3. PRP (Platelet Rich Plasma)
Platelet-rich plasma (PRP) treatment is the injection of the patient’s own platelets to treat Morton’s neuroma. It is used for other disorders, such as of injured tendons, ligaments, muscles, joints.
Ultrasound imaging is used to guide the injection and this increases the accuracy of the PRP procedure. Occasionally, additional injections may be needed. There is not enough data to clearly state this treatment is effective by itself or when combined with other treatments.
Did you already have neuroma surgery, but are worse now?
Don't worry, even if you already had your neuroma removed and still have pain there is hope for pain relief. Radiofrequency and cryoablation may be helpful but will require more than one treatment due to dense scar tissue that usually forms around a stump neuroma.
When should I remove my Morton's Neuroma?
10% of Morton's Neuroma do not improve with the above treatments and surgical removal is sometimes needed
Neuroma surgery to remove the Morton's Neuroma (aka neurectomy) with muscle implantation is a successful technique. There may be less risk for a stump neuroma with this technique. If needed, this could be performed from the top of the foot or the bottom, depending on your circumstances, anatomy, and prior treatments. Request an appointment with Dr. Rockmore
Other Non-Surgical Treatment:
Custom Molded Foot Orthotics can help reduce pressure on the nerve. We use a computer to analyze the movement of your foot to detect abnormalities and to fabricate a superior orthotic.
Injections, but not into the nerve, can be very helpful. For best results, administer under the guidance of an ultrasound. Ultrasound guidance has shown to be more effective than blind injections. This is performed in our office routinely. Relief may last for many years or be only temporary.
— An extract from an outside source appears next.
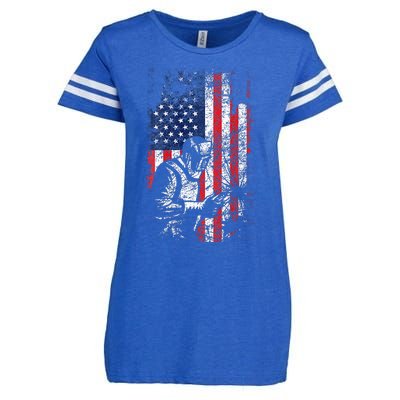 Welding American Flag Welder Fathers Day Design On Back Enza Ladies Jersey Football T-Shirt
Did You Know That a Morton's Neuroma Is Not Really a Neuroma? You need to know this to treat it ....
The nerves that are under the ball of the foot are under a lot of weight and they can get pinched, compressed or entrapped. The nerves to the toes can become pinched, compressed, or entrapped between the bones and underneath a ligament that travels across the toe joint. If the nerve is entrapped long enough, it will swell and enlarge, making the nerve even more vulnerable to pressure and increased pain symptoms. Our job is to reduce the pressure on the nerve, similar to how carpal tunnel release helps carpal tunnel syndrome.
This interdigital nerve compression is widely erroneously referred to as a neuroma. A neuroma is defined as a damaged nerve. Many neuromas are found at amputation sites and areas where a nerve suffered a traumatic injury. What is happening in the foot is usually not a damaged nerve, rather it is a compressed nerve. The difference is huge because compressed nerves require a simple procedure called decompression (neurolysis). The treatment for a true neuroma is to cut out the neuroma. Cutting a nerve usually leads to sensory loss and the possibility of a very painful stump that would require additional surgery. The treatment for a compressed nerve is to decompress it and give it room to move around inside the foot, a much less risky procedure that usually improves the sensation in the toes and alleviates the pain.
Your Symptoms Are:
- Pain and throbbing on the ball of the foot.
- Sharp pain that shoots into the toe.
- Some patients feel as though their sock is bunched up under their foot, yet it is not. Others feel as though there is a stone stuck in their shoe. Often times there may be numbness.
You may also have tarsal tunnel syndrome and that needs to be determined and treated for successful neuroma treatment. If you have symptoms in both feet, you may also have a peripheral neuropathy. We offer painless nerve testing with the Pressure Specified Sensory Device to determine if there is an underlying peripheral neuropathy or tarsal tunnel syndrome in addition to the neuroma.